BURRILLVILLE – In 2012, the deteriorated stretch of state roadway running from Sandhill Road to Route 107 was considered high priority for reconstruction by the Rhode Island Department of Transportation, and listed for repair on the agency’s Transportation Improvement Program.
Construction plans reached 90 percent that year, and the town of Burrillville paid for additional design work for a half mile segment of the street from the intersection of Route 7, westward, to be included in the reconstruction project.

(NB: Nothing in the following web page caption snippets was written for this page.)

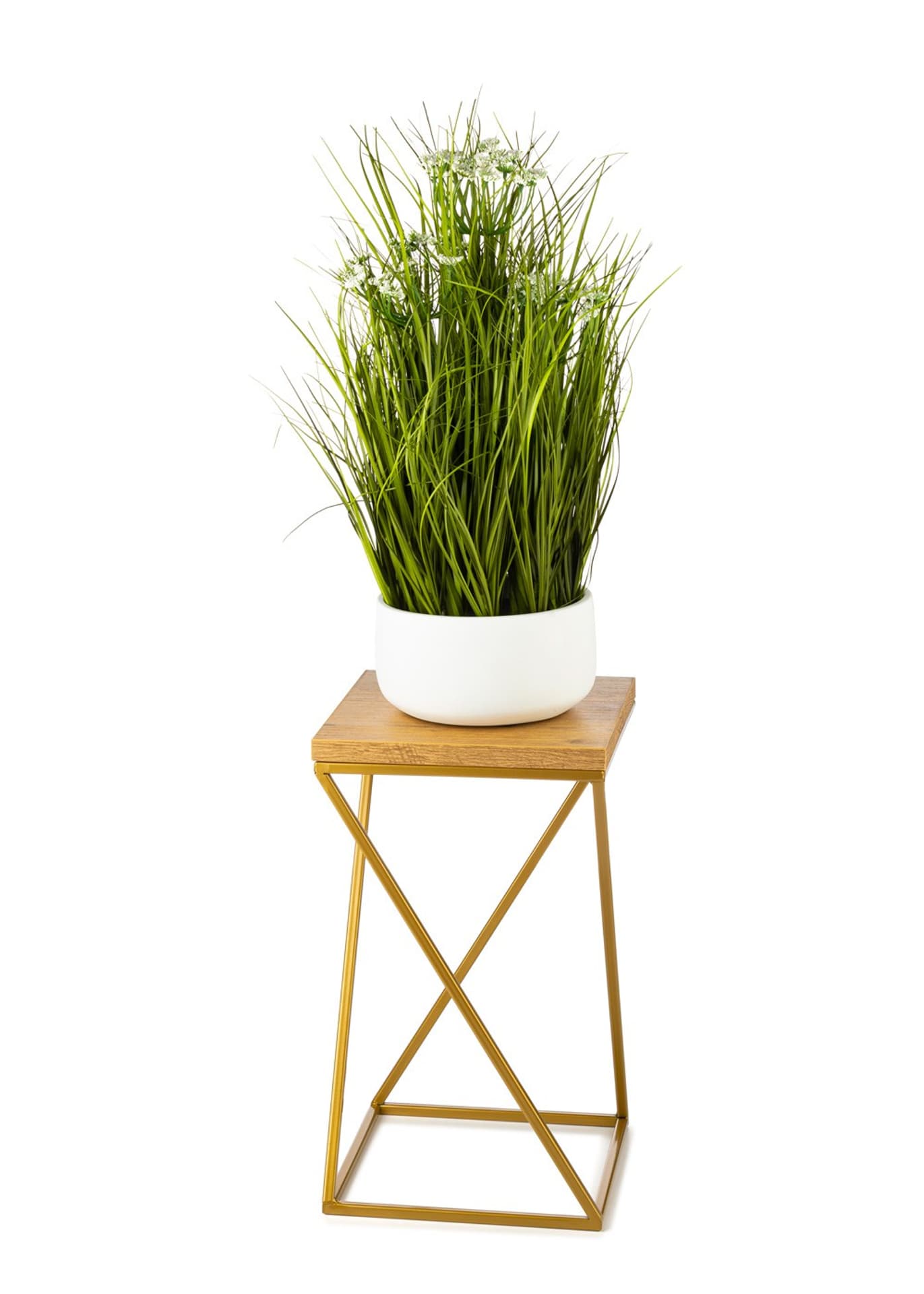 

Kwietnik stojący 40cm blat Lancelot LOFT złoty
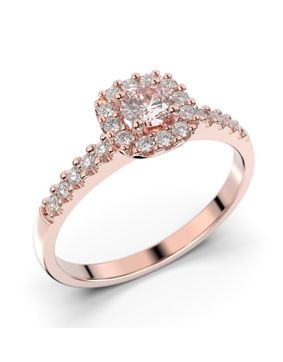 Festive Janette morganite halo diamond ring 566-040M-PK
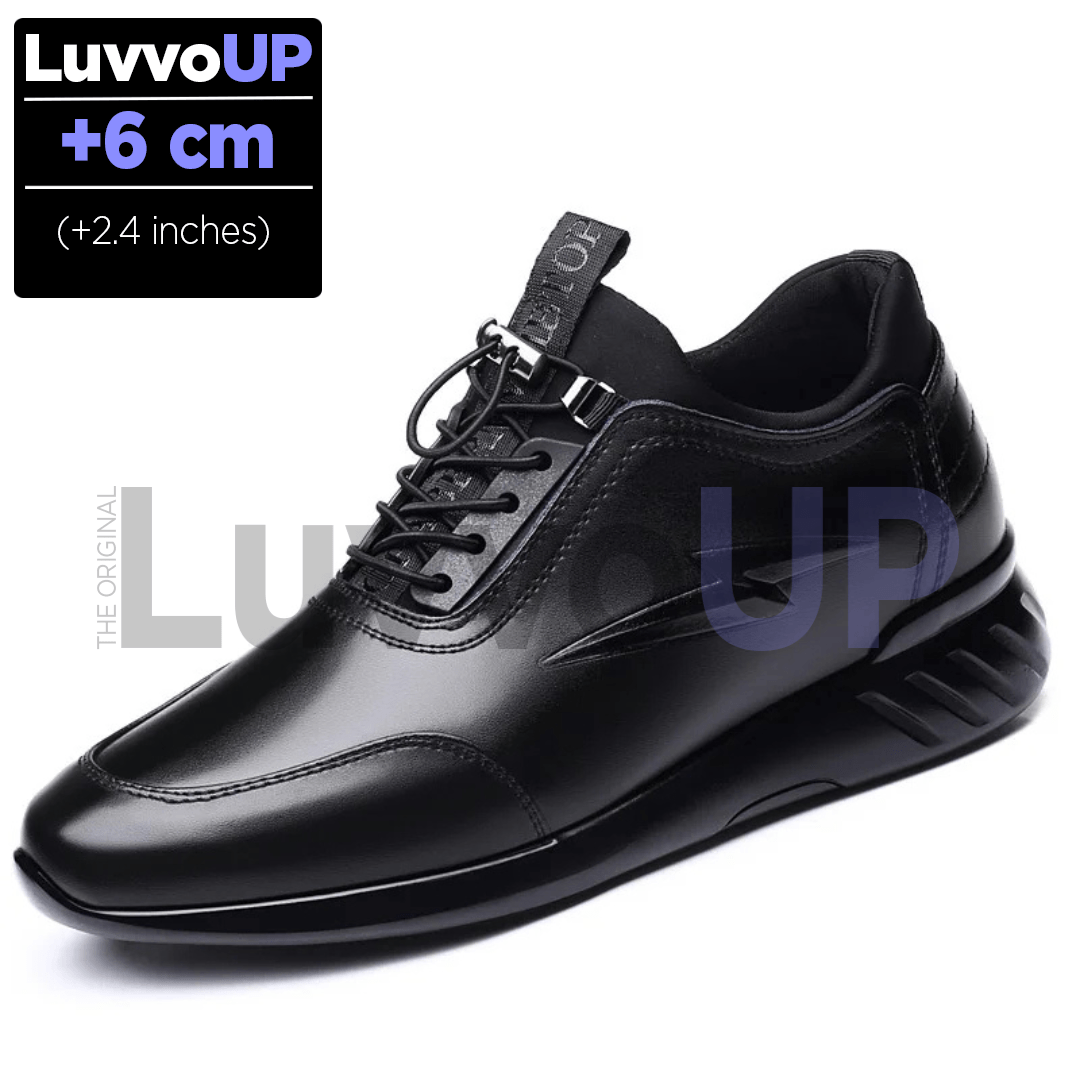 Get Luvvo Height-Increasing Shoes Black / (2.4 inches - 6 cm) / 6 LuvvoUP BOLDEN Height-Boosting Shoes
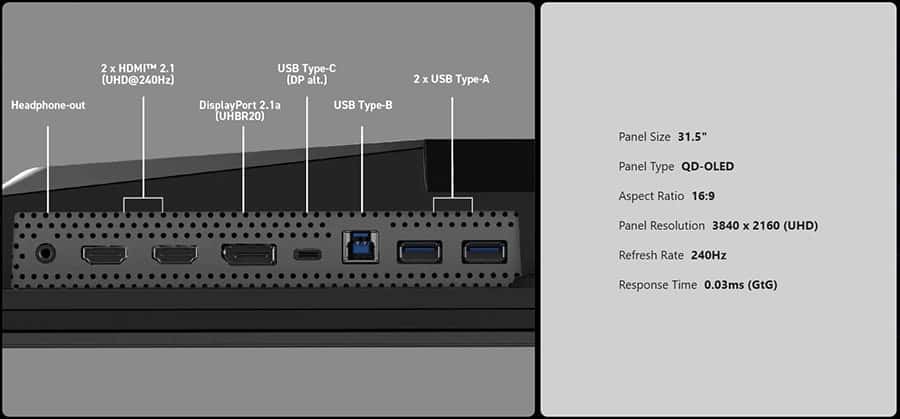 MSI MPG 322URX QD-OLED Gaming Monitor H21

At the time, Victory Highway was scheduled for reconstruction from 2013 to 2016.
A decade later with none of the paving work completed, the Burrillville Town Council is calling on state officials to take action, noting that at this point, Victory Highway may be one of the worst conditioned roadways in all of Rhode Island.
The heavily-traveled road is used by emergency services, and is also a route to bring students to and from school, notes a resolution requesting immediate reconsideration of plans for repair, passed unanimously by the council on Wednesday, March 8.
“I think they’re doing a disservice, not only to town services but the residents that travel this road,” said Councilor Jeremy Bailey. “They run the risk of rattling their car apart when they go down this road.”
In a 2012 letter to RIDOT engineer VIncent Palumbo, Burrillville Public Works Director Jeffrey McCormick notes that 25 years earlier, dewatering pipes in the roadway were capped with 5-gallon buckets and paved over for “reasons unknown.”
“Apparently it takes 20 years for a 5-gallon bucket to disintegrate, starting a sinkhole,” McCormick noted.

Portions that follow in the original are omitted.